• **What needs to be done**
When you reach the line holding "Maroon burgundy fit" in the material below, return that line and each one after it, word for word, with the pictures dropped.

• **Recorded information**
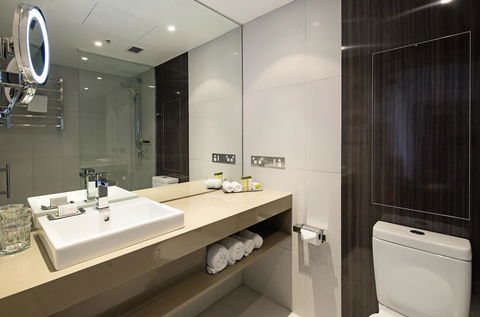 Hilton Garden Inn Darwin - Accommodation Cooktown 7
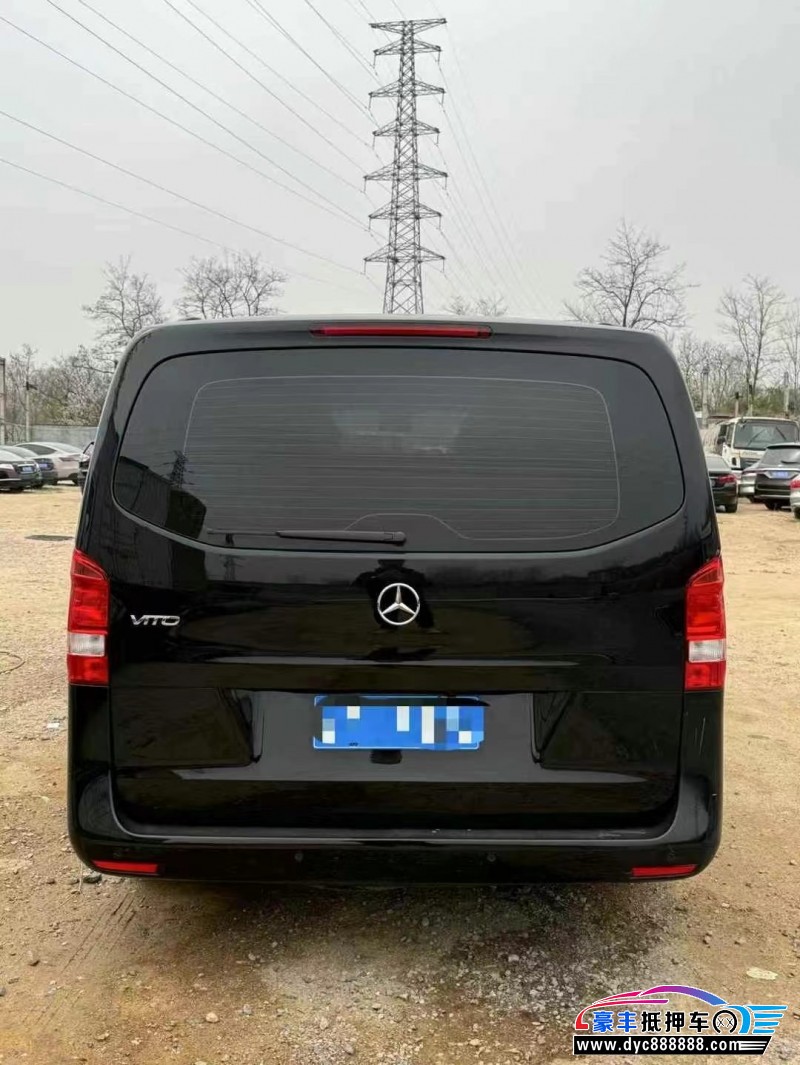 20年奔驰威霆轿车抵押车出售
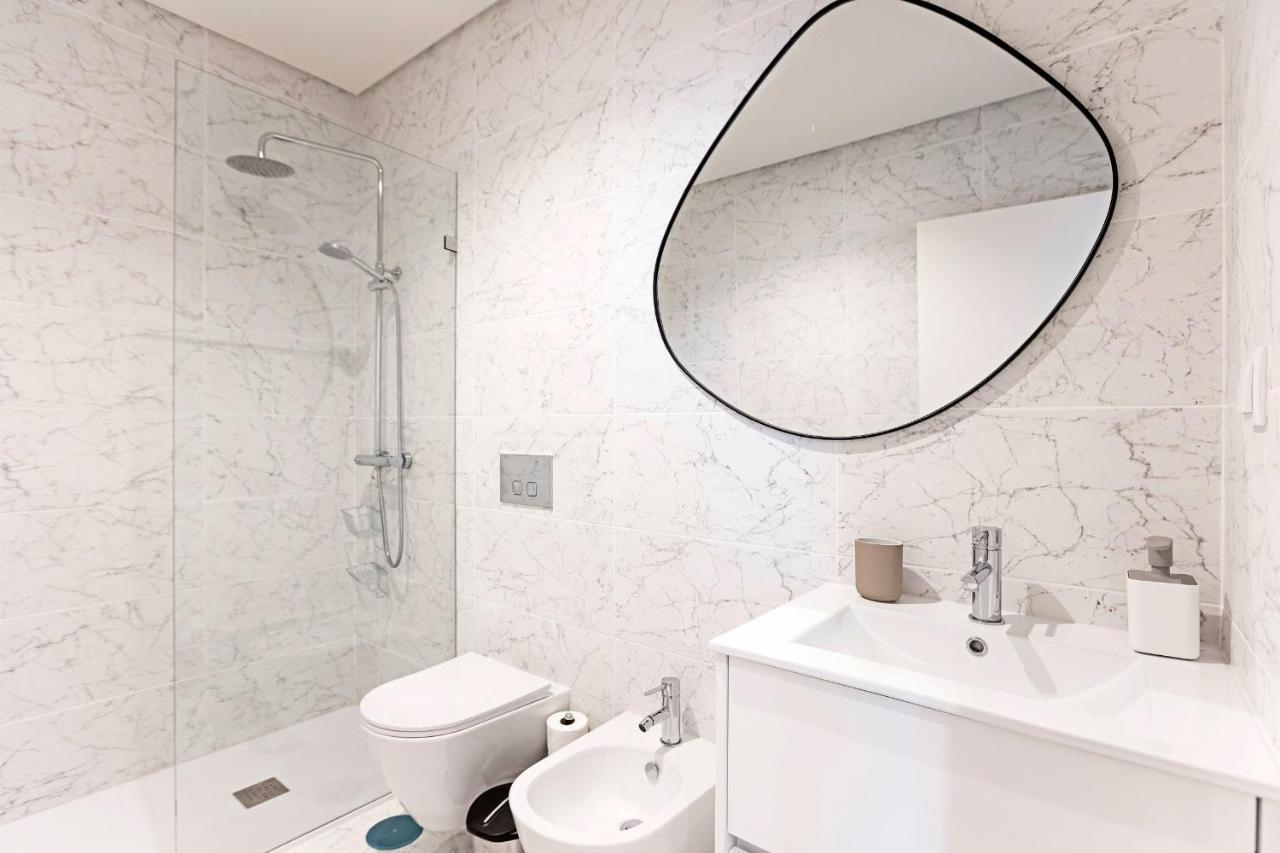 Brand New 1Bd Apart. W/Ac By Lovelystay Porto Ngoại thất bức ảnh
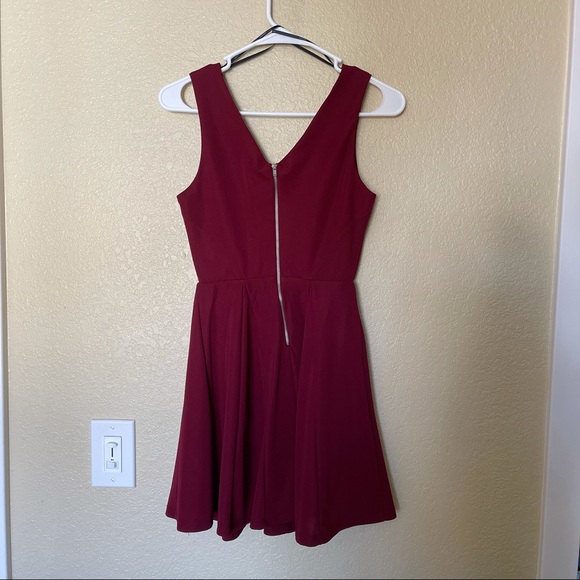 Maroon burgundy fit and flare zippered mini dress - Picture 2 of 2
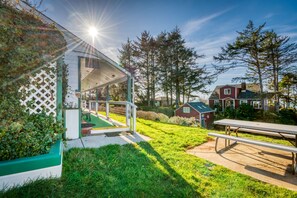 Outdoor dining - T08 - Schooner @ Trollers Lodge (Depoe Bay)
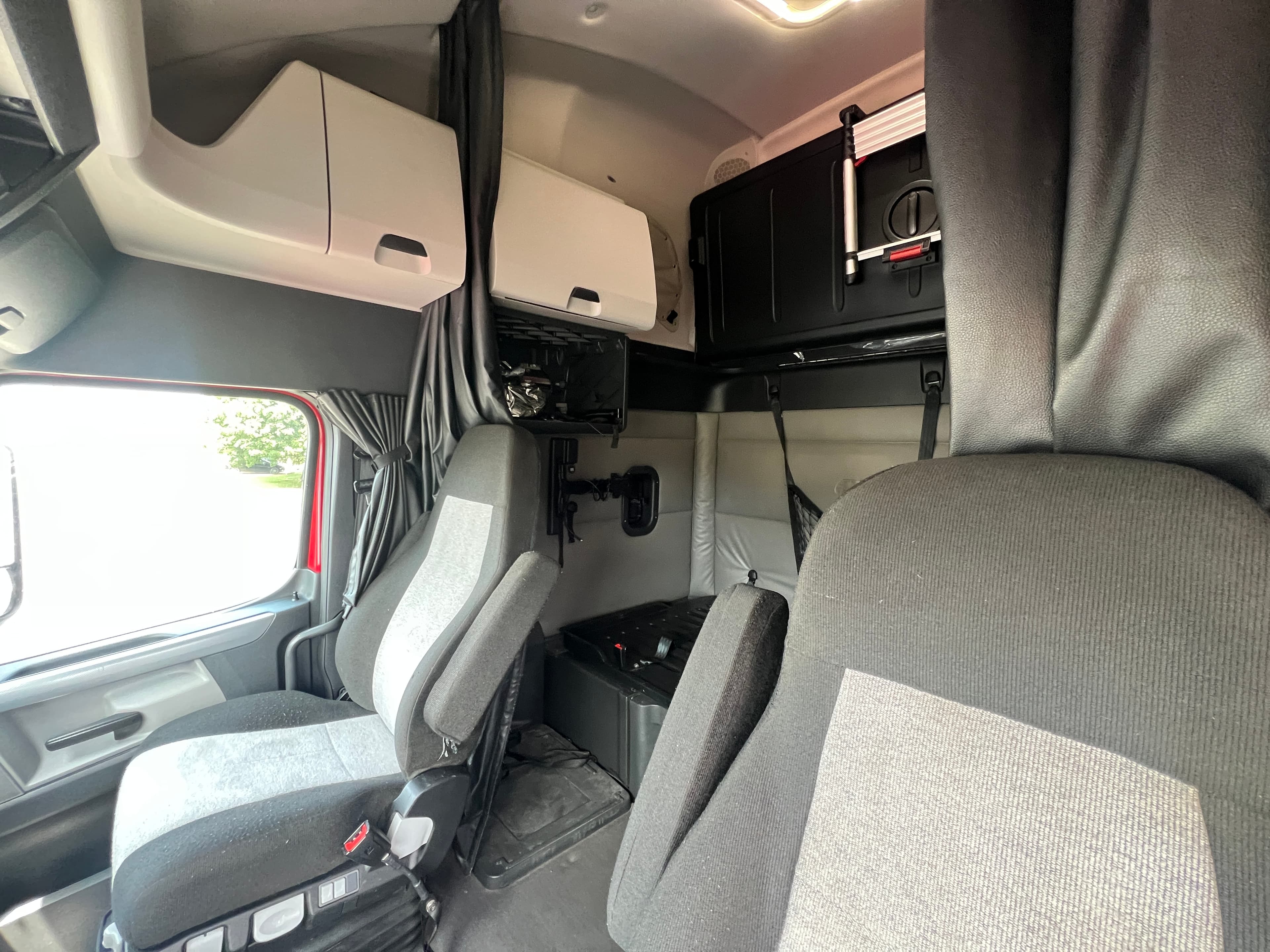 2022 Freightliner Cascadia 126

• **The answer**
 Maroon burgundy fit and flare zippered mini dress - Picture 2 of 2
 Outdoor dining - T08 - Schooner @ Trollers Lodge (Depoe Bay)
 2022 Freightliner Cascadia 126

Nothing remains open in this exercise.